> Data supplied
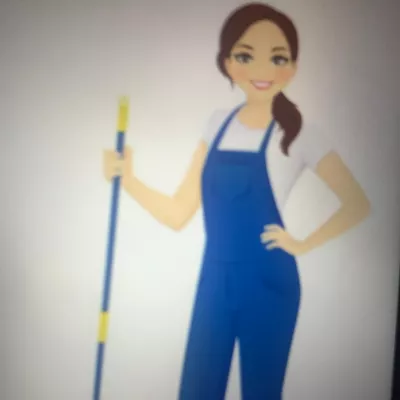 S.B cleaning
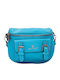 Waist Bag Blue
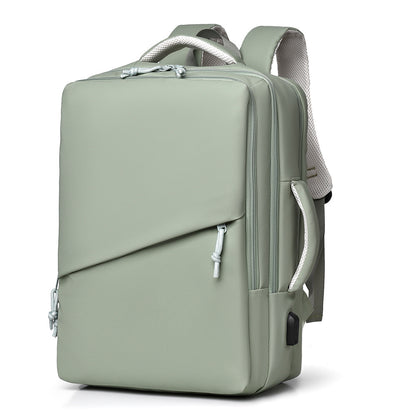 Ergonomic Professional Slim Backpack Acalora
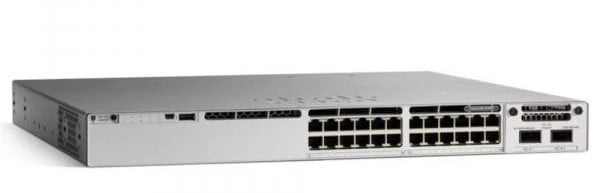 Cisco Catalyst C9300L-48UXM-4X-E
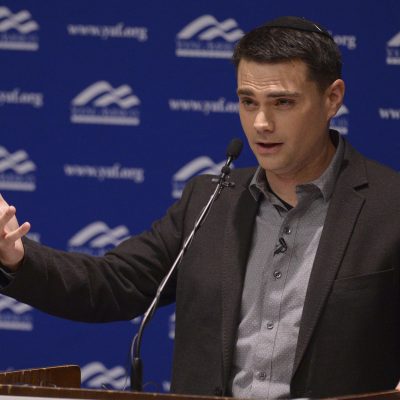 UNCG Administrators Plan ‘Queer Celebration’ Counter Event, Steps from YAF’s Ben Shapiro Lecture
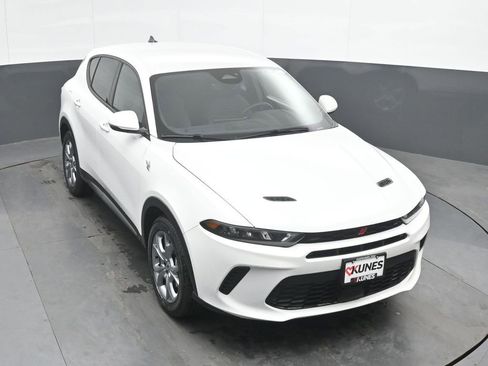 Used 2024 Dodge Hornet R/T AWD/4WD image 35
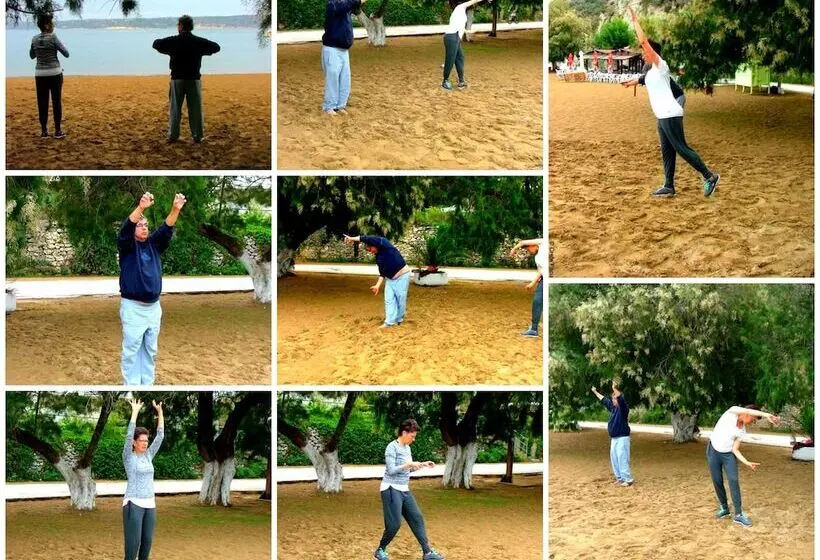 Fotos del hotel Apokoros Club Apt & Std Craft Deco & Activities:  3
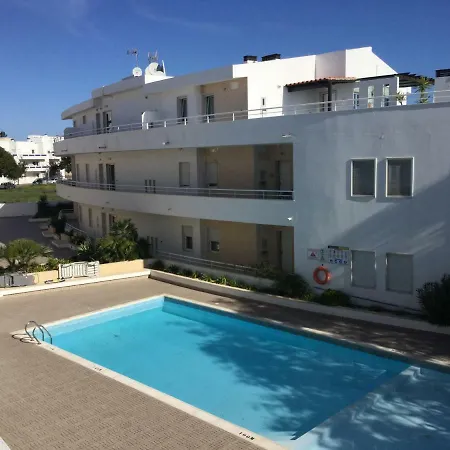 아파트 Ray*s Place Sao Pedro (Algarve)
--
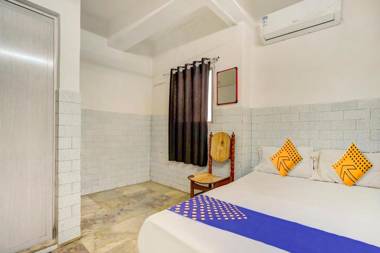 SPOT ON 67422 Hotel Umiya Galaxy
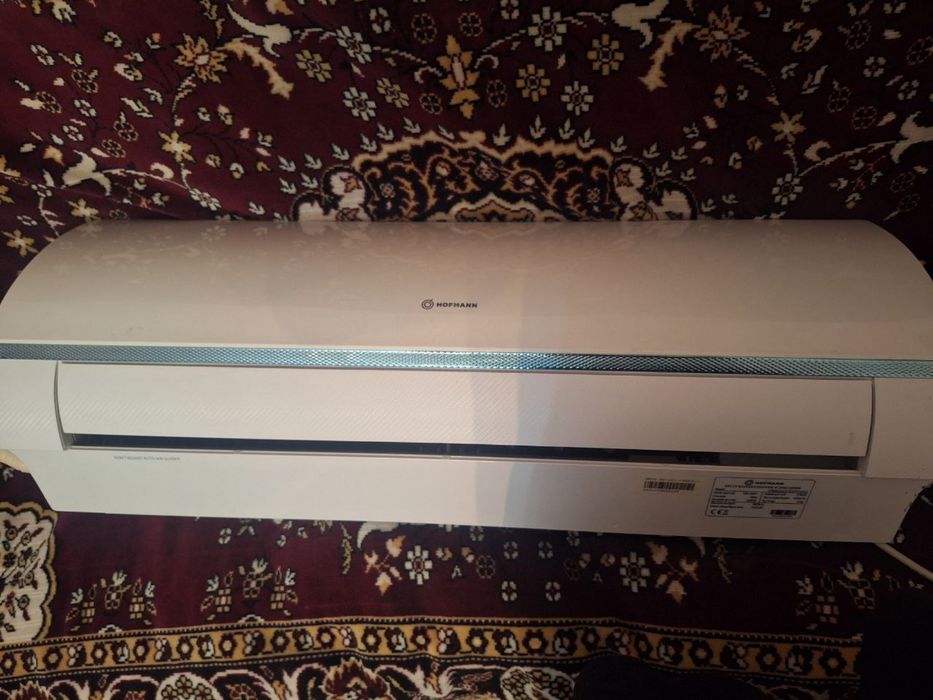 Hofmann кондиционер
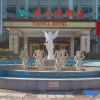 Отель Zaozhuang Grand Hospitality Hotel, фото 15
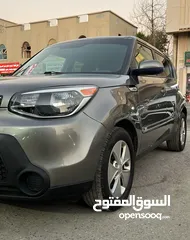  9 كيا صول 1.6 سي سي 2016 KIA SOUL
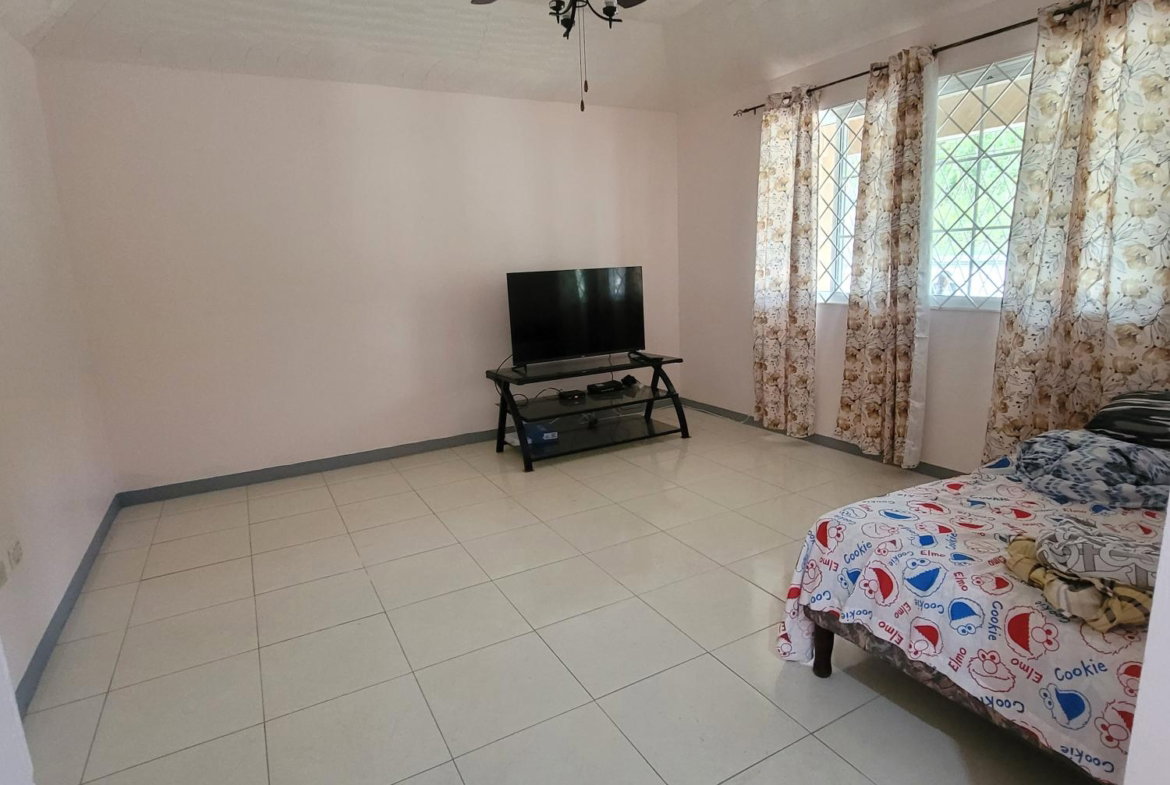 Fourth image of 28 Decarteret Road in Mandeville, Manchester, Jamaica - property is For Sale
* * *
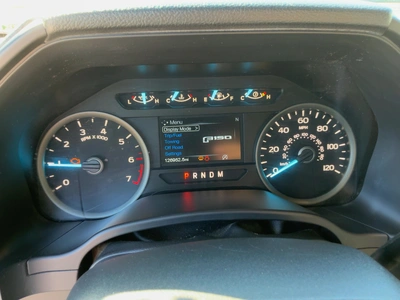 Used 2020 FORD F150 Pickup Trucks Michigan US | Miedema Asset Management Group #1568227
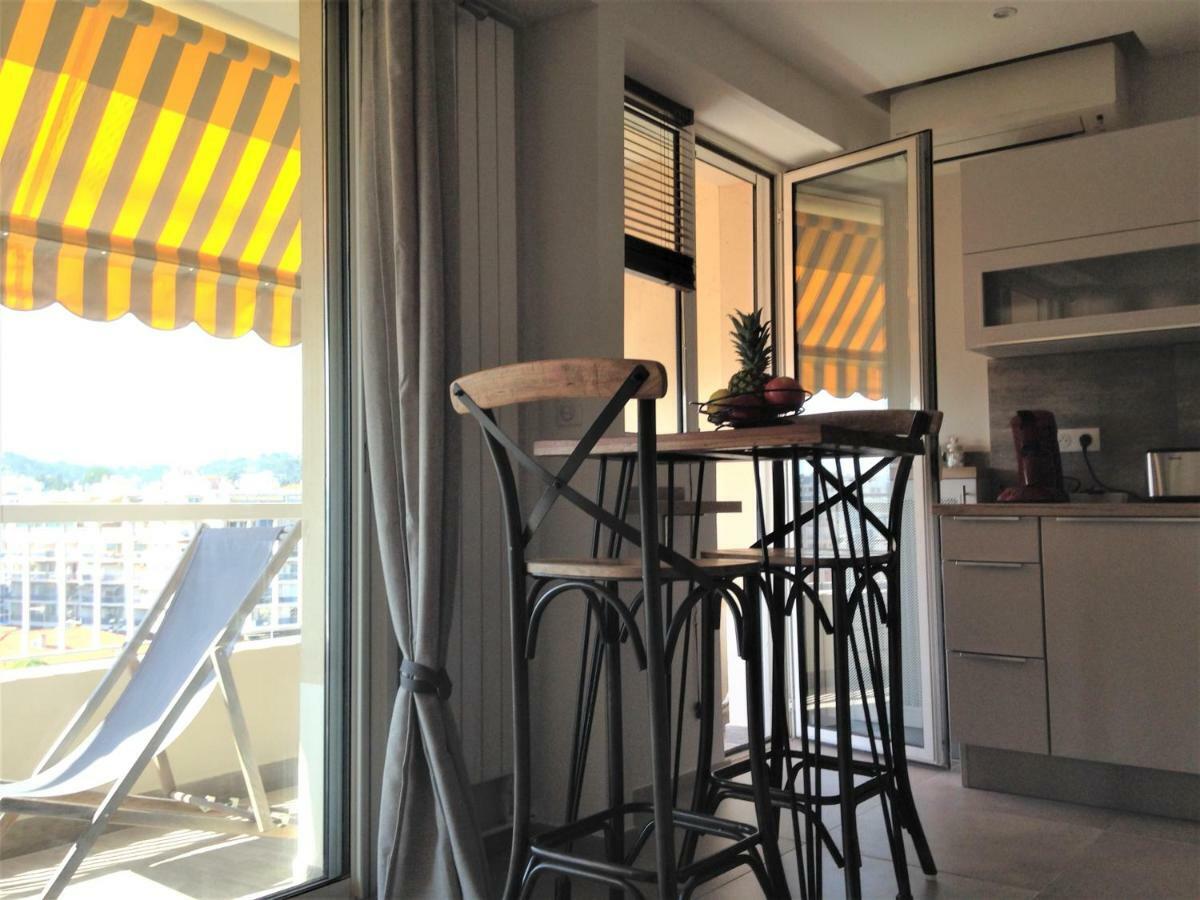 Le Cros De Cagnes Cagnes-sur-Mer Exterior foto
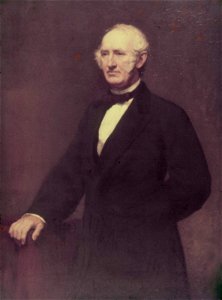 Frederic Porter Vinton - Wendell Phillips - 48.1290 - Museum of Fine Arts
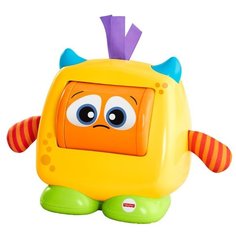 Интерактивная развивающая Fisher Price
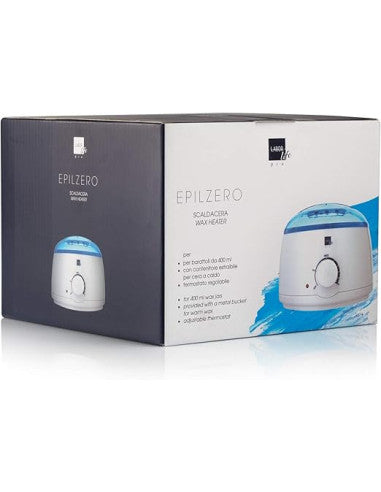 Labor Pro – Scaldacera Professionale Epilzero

> Exercise prompt
Would you set down only the lines above from the line with "Cisco Catalyst C9300L-48UXM-4X-E" to the line with "아파트 Ray*s Place Sao Pedro (Algarve)", both included, exactly as they stand and without the pictures?

> Solution
 Cisco Catalyst C9300L-48UXM-4X-E
 UNCG Administrators Plan ‘Queer Celebration’ Counter Event, Steps from YAF’s Ben Shapiro Lecture
 Used 2024 Dodge Hornet R/T AWD/4WD image 35
 Fotos del hotel Apokoros Club Apt & Std Craft Deco & Activities:  3
 아파트 Ray*s Place Sao Pedro (Algarve)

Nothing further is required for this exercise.